Não. Normalmente o que fazemos é ler a mensagem do Dia Mundial do Teatro quando estamos em cena. Este ano não tenho a certeza se estarei em cena no dia 27, porque nós estamos em turné nessa altura. Se estiver em cena é evidente que lerei a mensagem do Dia Mundial do Teatro. Esta mensagem fala sobre o teatro e é um elogio à arte de representar.

Tem três filhos, não é? Eles gostam da representação e artes performativas ou não é muito o género deles?
Não é muito o género deles, embora o meu filho mais novo esteja encantado com a luz. O pai é iluminador e ele está a seguir as pisadas dele. Já opera luz nos Artistas Unidos e opera connosco também quando tem hipótese. Portanto, tenho que sim, que está a seguir esta área [risos].

Segue a área das artes mas outro tipo de arte, não é?
Sim. É arte também. Faz parte desta. Não vivem uma sem a outra.

Faz tudo parte do espetáculo.
Sim. Não se vive sem luz, não se vive sem som. Tudo isso faz parte.

E os seus filhos costumam ver os seus espetáculos e telenovelas?
Nem por isso [risos].

E o que é que eles dizem dos trabalhos que faz?
Dizem que sou boa atriz, claro.
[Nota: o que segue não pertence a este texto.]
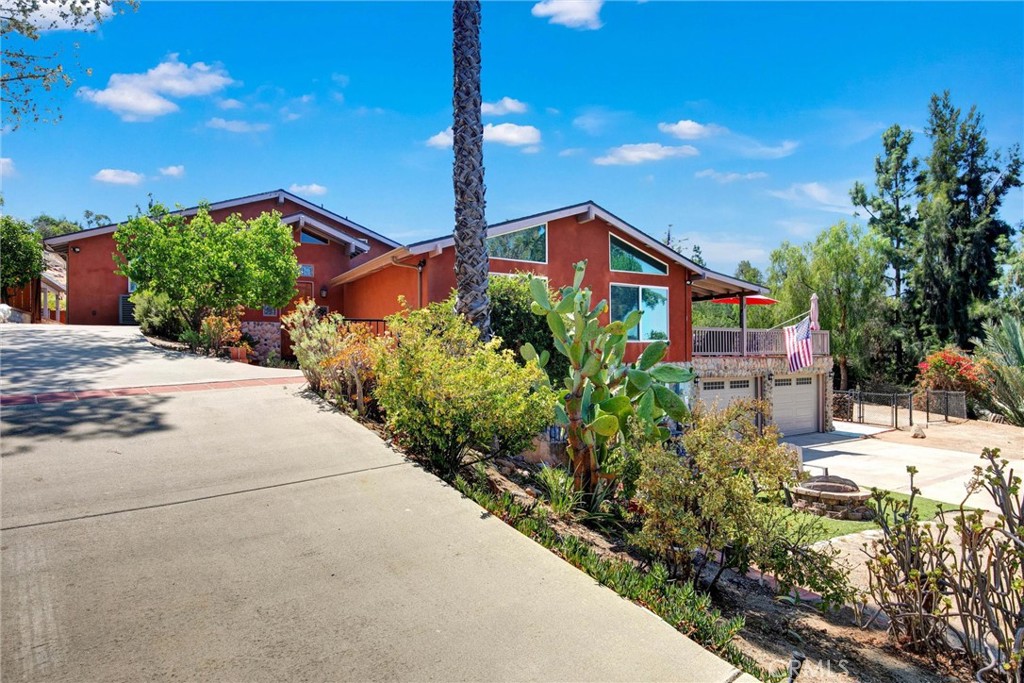 1026 Arnold Way Alpine, CA 91901 - Photo 52 of 69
Sou a mãezinha deles [risos].

Ai deles se dissessem o contrário, não é?
Exatamente [risos].

Ficavam de castigo.
Sim, ficavam de castigo [risos].

Para eles já deve ser normal terem uma mãe conhecida, não é?
Coitadinhos, levaram com isso a vida toda, não é? Na praia, nos restaurantes, em todo o lado. Já estão habituados e sempre lidaram muito bem com isso. Eu também lidei sempre muito bem com isso, portanto, não há problema.
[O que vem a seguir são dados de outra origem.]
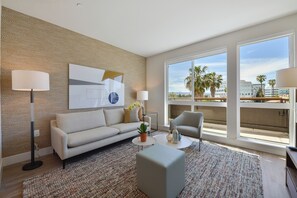 TV - Silicon Valley One Bedroom with Luxury Amenities (Mountain View)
Quantos anos é que eles já têm?
O mais velho tem 25 anos, o do meio tem 23 e o mais novo tem 18 anos.

A Maria João vive no Seixal?
Não. Moro na zona Oeste. É onde eu tenho a minha casa já há quase 30 anos.

Mas gosta de passar o seu tempo aqui no Seixal?
Adoro o Seixal. Gostava imenso de ter um barco para poder ficar cá a dormir. O meu marido já tirou a carta de patrão de costa. Agora é só preciso arranjar dinheiro para o barco [risos].
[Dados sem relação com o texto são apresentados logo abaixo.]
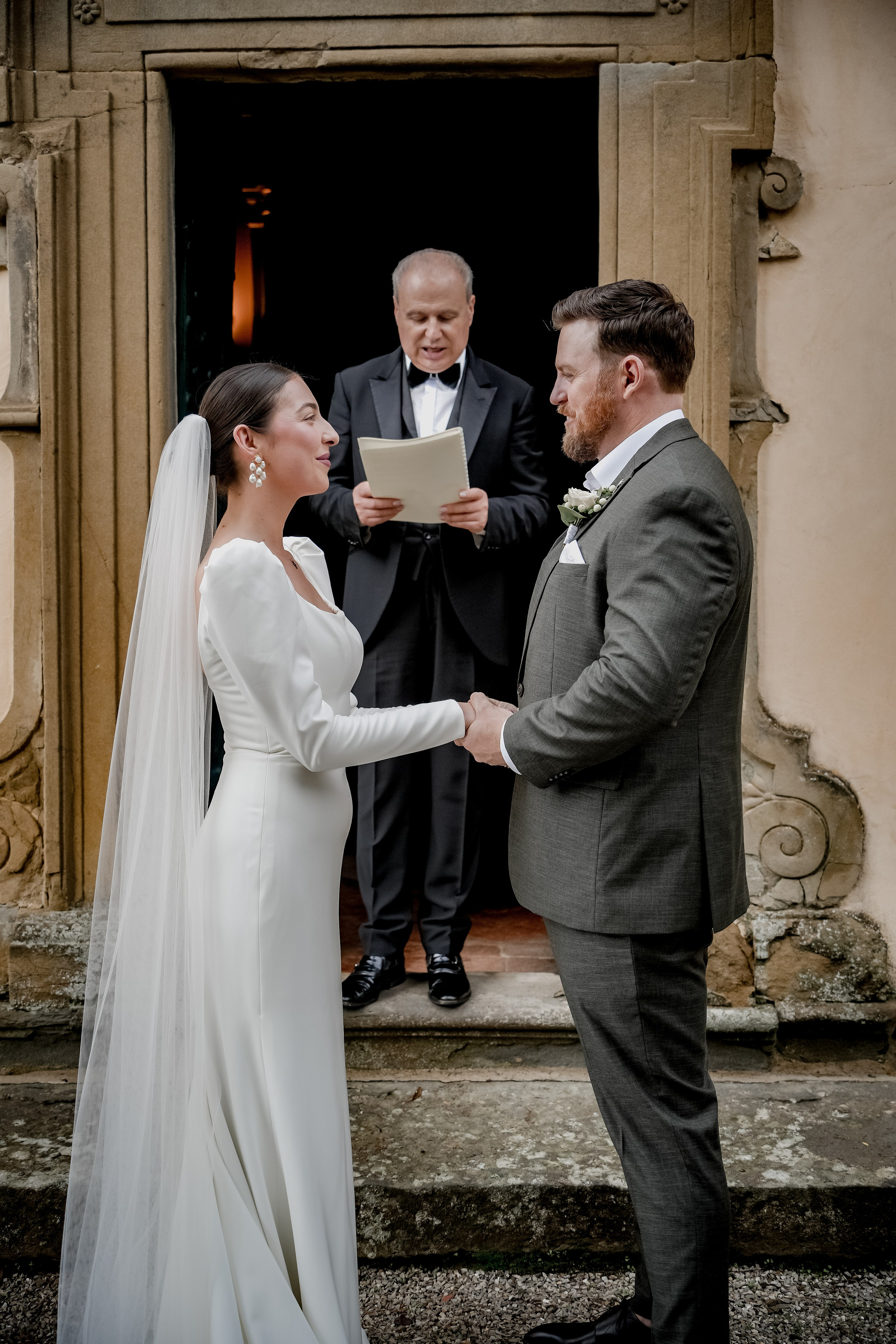 Elopment in Cortona. Villa Falconiere. Wedding Photographer in Italy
Qual é o seu sítio favorito no Seixal?
Bem, neste momento é a Torre da Marinha, onde temos o nosso espaço [risos]. 

O Teatro da Terra?
Sim, é lá que vamos fazer os workshops, onde ensaiamos, temos o armazém, guarda-roupa, oficina. Portanto, temos tudo agora centrado num único sítio. Mudámos há pouco tempo, há cerca de três meses.